When U.S.-led forces invaded the Iraqi city of Fallujah in late November they faced strong opposition from insurgents. They also found huge caches of the insurgents' small arms.


Rachel Stohl of the Washington, D.C. Center for Defense Information says the more weapons there are in a given society, the more likely it is they will be used to do harm. "So, in Iraq, for example, where there are huge weapons caches being found, the likelihood, if those weapons aren't adequately collected, secured and destroyed -- which all three of those things need to happen to eliminate them from being a threat -- those weapons can be used for crime, for violence, for intimidation against peace keepers, against troops in the field, against other citizens."


Ms. Stohl says in countries where weapons are not dealt with properly, their numbers will only continue to increase. And they will likely end up moving across borders and into other conflicts. "Small arms are so cheap, you can always find a ready supply of them, they're easily available, they're cheap, they're portable,  and with them you can continue to perpetuate conflicts for years and years,"  she added.


Michael Krepon is the founding President of the Henry L. Stimson Center -- a Washington, D.C. institute that promotes international peace and security.  He says Iraq is just one of the countries where the proliferation of small arms has become a major concern.

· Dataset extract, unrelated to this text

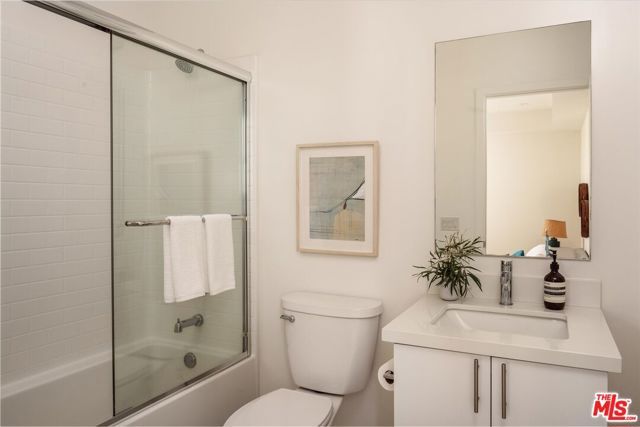 1925 Griffith Park Boulevard, Los Angeles, CA 90039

"I would say one half to one third the countries of Africa, we can start there.  Iraq, Iran and Iran's assistance to insurgent forces in Iraq.  Iraq is a huge problem.? He said and added, ?Small arms are a huge problem in Kashmir, as India and Pakistan square off there.  So, the list goes on and on."


Sudan is on the list: thousands of people there have fled a conflict being fought primarily with small arms.


The violence in the Democratic Republic of Congo is fueled largely with small arms, as was the separatist war in Papua New Guinea in the 1990s.


Small arms are also responsible for much of the trouble in the Middle Eastern nation of Yemen, where there are reportedly three guns for every person.


And they were a huge problem for U.S. forces in Afghanistan.  Since U.S. forces entered the country in 2001, Afghanistan has become one of several success stories on the small arms front.  Many militias there have now turned their weapons over to the United Nations. 


Rachel Stohl says there have been similar successes elsewhere. "There is progress being made on small arms every day.  In communities in Africa, in Central America, we're seeing citizens voluntarily turning in their weapons and saying we don't want to use these weapons as our source of livelihood anymore.  We want a peaceful society."


But, Michael Krepon says international action is needed to solve the problem, through conflict resolution, more than trying to stem the flow and the use of small arms. "Countries that are wracked by the use of small arms internally, need to find some internal peace with the help of outsiders.  Conflict resolution is the best solution to the small arms problem."


Without a greater effort, experts say, small arms will remain the single greatest proliferation issue.


Mr. Krepon emphasized the point, "More people die from small arms than from weapons of mass destruction.  This is a huge problem and a hugely difficult problem."